Aussi, je retiens qu’il faut faire attention aux frais prélevés sur nos placements, comme ceux du fonds RIEF de Renaissance Technologies, puisqu’ils font diminuer les rendements.

Le marché boursier américain a connu une croissance de 11,3 % par année en moyenne depuis 50 ans. Le marché canadien, lui, a eu un rendement de 9,2 % en moyenne durant cette période.

Très peu d’investisseurs ont obtenu ce genre de rendements, même dans les rares cas où ils investiraient 100 % en actions. Pourquoi ?

C’est que la majorité des Canadiens investissent avec leur banque ou leur institution financière. Celles-ci leur proposent pratiquement toujours d’investir dans des fonds communs de placement gérés activement.

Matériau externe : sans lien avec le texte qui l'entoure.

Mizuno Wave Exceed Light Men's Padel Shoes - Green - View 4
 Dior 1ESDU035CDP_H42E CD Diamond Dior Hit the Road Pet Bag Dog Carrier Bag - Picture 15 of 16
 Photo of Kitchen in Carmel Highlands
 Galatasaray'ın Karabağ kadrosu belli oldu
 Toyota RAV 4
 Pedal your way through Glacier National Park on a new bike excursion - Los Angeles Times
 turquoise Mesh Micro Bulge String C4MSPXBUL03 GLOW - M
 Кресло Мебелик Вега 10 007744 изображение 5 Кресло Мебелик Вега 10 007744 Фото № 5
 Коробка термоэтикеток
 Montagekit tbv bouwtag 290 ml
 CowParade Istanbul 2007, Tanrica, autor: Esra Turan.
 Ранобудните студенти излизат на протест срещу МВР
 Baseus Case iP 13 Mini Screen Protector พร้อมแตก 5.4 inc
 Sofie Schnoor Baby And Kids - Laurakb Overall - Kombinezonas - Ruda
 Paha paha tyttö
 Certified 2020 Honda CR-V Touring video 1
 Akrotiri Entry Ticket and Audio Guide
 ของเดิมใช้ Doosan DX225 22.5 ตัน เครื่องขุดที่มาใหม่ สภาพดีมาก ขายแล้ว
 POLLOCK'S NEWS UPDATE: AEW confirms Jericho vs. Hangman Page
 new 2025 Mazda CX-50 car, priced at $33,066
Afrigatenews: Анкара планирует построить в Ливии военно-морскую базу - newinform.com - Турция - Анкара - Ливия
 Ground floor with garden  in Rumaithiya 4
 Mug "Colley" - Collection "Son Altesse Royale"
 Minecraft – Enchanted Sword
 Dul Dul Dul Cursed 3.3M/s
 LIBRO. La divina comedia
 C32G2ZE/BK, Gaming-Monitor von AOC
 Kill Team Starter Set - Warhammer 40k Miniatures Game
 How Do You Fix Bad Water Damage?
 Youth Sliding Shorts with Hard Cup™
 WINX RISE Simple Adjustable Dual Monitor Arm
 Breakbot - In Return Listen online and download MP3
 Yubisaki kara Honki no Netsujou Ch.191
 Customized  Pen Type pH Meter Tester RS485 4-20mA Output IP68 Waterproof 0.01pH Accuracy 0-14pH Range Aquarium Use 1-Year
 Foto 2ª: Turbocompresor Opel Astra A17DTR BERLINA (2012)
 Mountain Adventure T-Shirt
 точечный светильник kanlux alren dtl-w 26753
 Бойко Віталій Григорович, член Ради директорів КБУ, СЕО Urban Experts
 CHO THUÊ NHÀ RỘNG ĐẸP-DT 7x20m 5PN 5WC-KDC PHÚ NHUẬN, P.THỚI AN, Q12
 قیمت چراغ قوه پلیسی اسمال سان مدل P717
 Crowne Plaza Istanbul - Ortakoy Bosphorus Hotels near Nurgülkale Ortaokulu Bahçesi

Certains fonds communs ont une excellente fiche de route. Mais ils sont minoritaires. Comme les fonds spéculatifs, la majorité des fonds communs finissent tôt ou tard par sous-performer leur indice de référence, entre autres parce qu’ils ont généralement des frais de gestion annuels de 1 à 2 % qui nuisent au rendement.

La firme S&P Dow Jones Indices a examiné le rendement de 2 132 fonds communs d’actions et d’obligations aux États-Unis de 2017 à 2022. Certains fonds étaient dynamiques. D’autres étaient « conservateurs ». Combien d’entre eux ont battu de façon constante leur indice de référence ?

Zéro.

Lisez l’article du New York Times (en anglais)

Ce n’était pas une anomalie. Au cours des 20 dernières années, pas moins de 97 % des fonds communs ont sous-performé leur indice de référence, toujours selon la firme S&P Dow Jones.

Lisez l’étude de S&P Dow Jones (en anglais)

C’est l’une des raisons qui m’ont poussé à n’avoir que des fonds négociés en Bourse (FNB) indiciels à frais de gestion modiques dans mon portefeuille. Mes fonds me coûtent moins de 0,25 % par année en frais.

Les banques et les institutions financières canadiennes sont libres d’offrir des fonds indiciels à frais de gestion modiques à leurs clients. Mais elles le font rarement.

Ces fonds sont souvent peu rémunérateurs pour les institutions qui les proposent. Ils ne font pas partie des programmes d’objectifs de vente des employés. Dans plusieurs cas qui m’ont été rapportés, ceux-ci les qualifient de « risqués », sans préciser qu’on peut facilement personnaliser le profil de risque d’un portefeuille indiciel en fonction des besoins précis de chaque investisseur.

Par exemple, un portefeuille composé à 60 % de fonds indiciels d’actions canadiennes, américaines et internationales, et à 40 % de fonds d’obligations, n’a rien de casse-cou. Mais cette information ne s’est pas encore frayé un chemin jusque dans les discussions que les conseillers ont avec leurs clients.

Je ne surpasserai jamais les rendements de Jim Simons. Mais savoir que mes placements battent la quasi-totalité des fonds offerts par les banques ? Je suis capable de vivre avec ça.